Gavo, dry yield values and attenuation values are two entirely different things. Dry yield (as far as sugars are concerned) refer to the amount of dry sugar available in the product...so liquid malts are ~80% (because 20% is water), simple sugars are 99-100% dry, dry malt extracts are 95-97% (they have moisture content). The fermentability of the dextrose is lower than its dry weight, because it is a monohydrate....it is not anhydrous.
I don't know how you are managing to get a higher OG in beersmith...I made no changes to the dry yield from default values. Same in promash. And manual calculations turn out the same.
The formula for gravity are as follows;where sgp=specific gravity points, EE= extract efficiency as a decimal (grain only, otherwise ignore it), wt = weight, v = volume.
using HWE (another way of experessing potential....which doesn't make it's way into beersmith. but 386HWE=100%dry yield),
sgp= hwe x EE x wt /V............all quantities in metric.
Using ppg;
sgp = Wt(lb) x ppg x EE / V(g)............all quantities in US measures.
So, without using a program, the example at hand is 1.7kg of lme (310HWE) and 1kg of dex (386HWE). EE is irrelevant, because we;re dealing with extract.

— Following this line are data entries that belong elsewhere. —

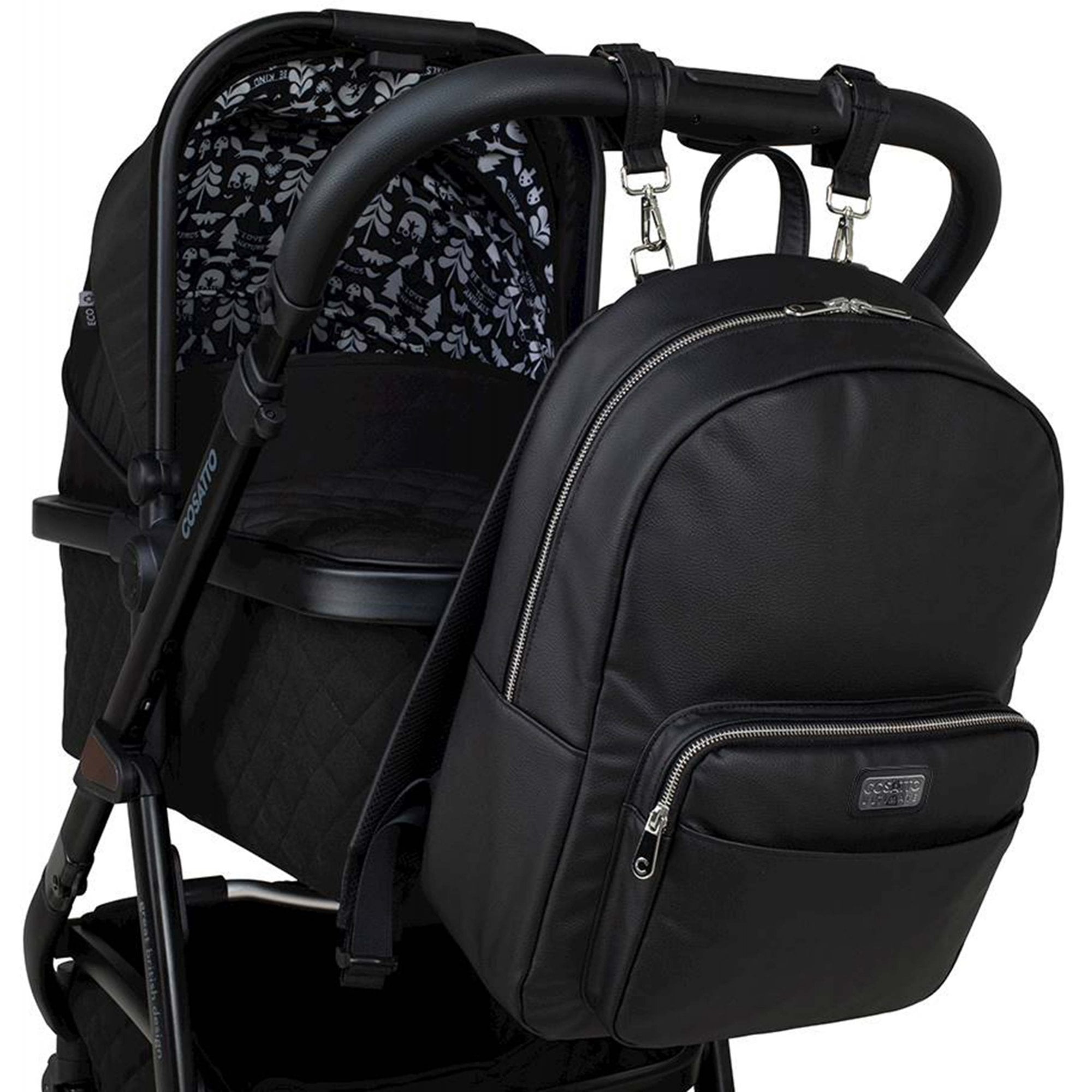Cosatto Ultimate Changing Bag Black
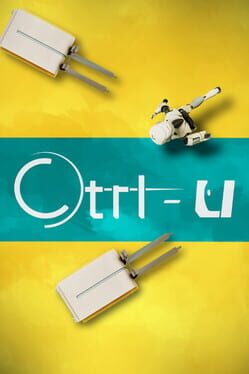 Ctrl-U game cover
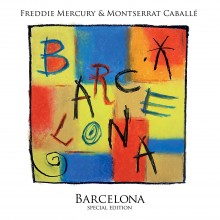 Freddie Mercury - Barcelona LP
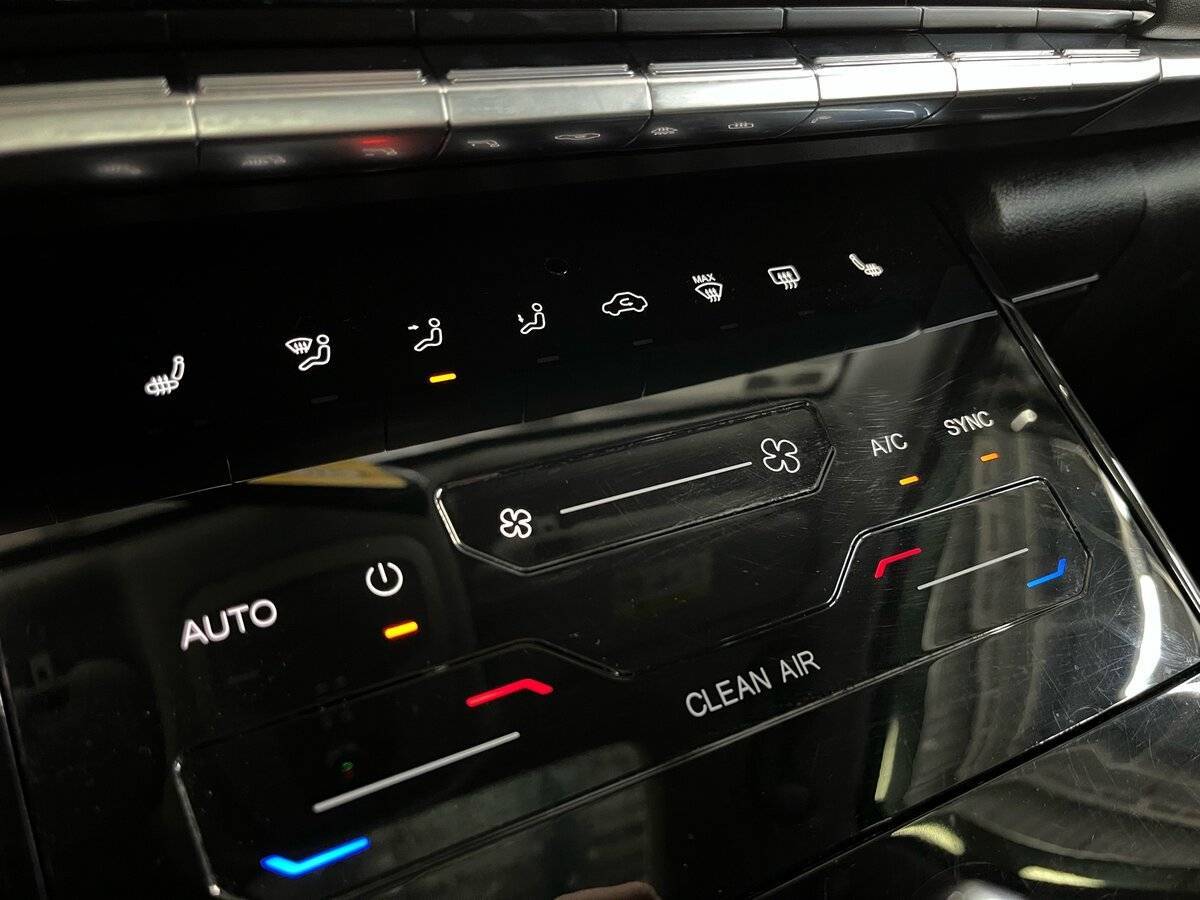 Б/У Чери Тигго 7 Про 2020 года. Фото: #12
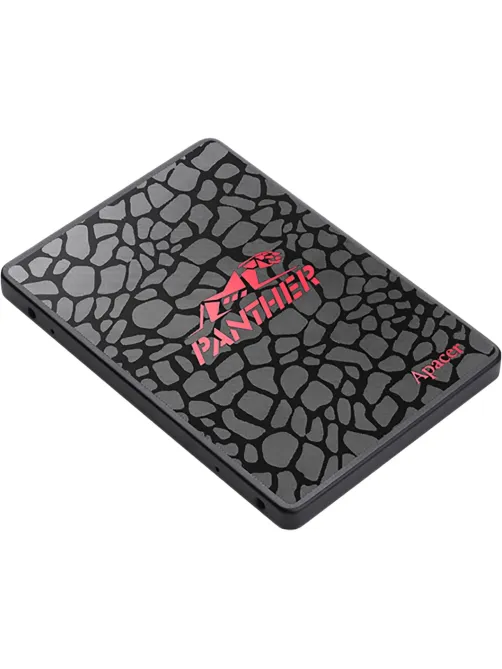 SSD накопитель Apacer Panther AS350 256GB 2.5, SATA(AP256GAS350-1)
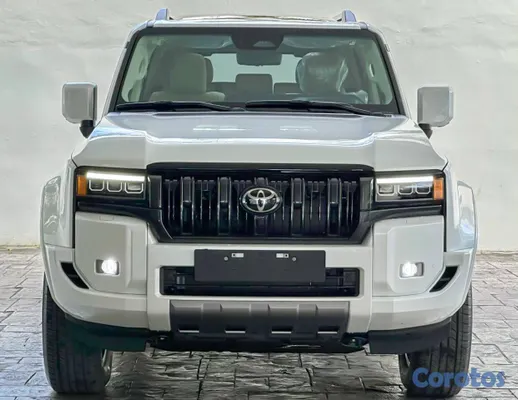2026 Toyota Land Cruiser Prado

spg = (386 x 1)+(310 x 1.7) /23
= 386 + 527 /23
= 913/23
= 39.69 points, which rounds up to 1040. (the 1 point difference to beersmith is due to the potentials in the ingredient list not being exactly 100 and 80...depends on which brand you pick. It'll go up or down a point either way, depending on rounding, but 1 point is purely academic anyway.)
You could get the same result with the ppg...the only problem is you would need to convert all measures to fit the damn formula.
Easy enough if you do it in a spreadsheet, though.....alternatively, you could convert the dyfg to hwe by multiplying by 386.
There was a poll recently 'which software do you use', and there were a couple of responses (don't know who from) saying pad and pencil....these are the formulas that would be used. As an extension to that, if you have a recipe of a given volume adn known OG, and you want to know what the og would be at a differant volume....you multiply by the original volume, and divide by the new.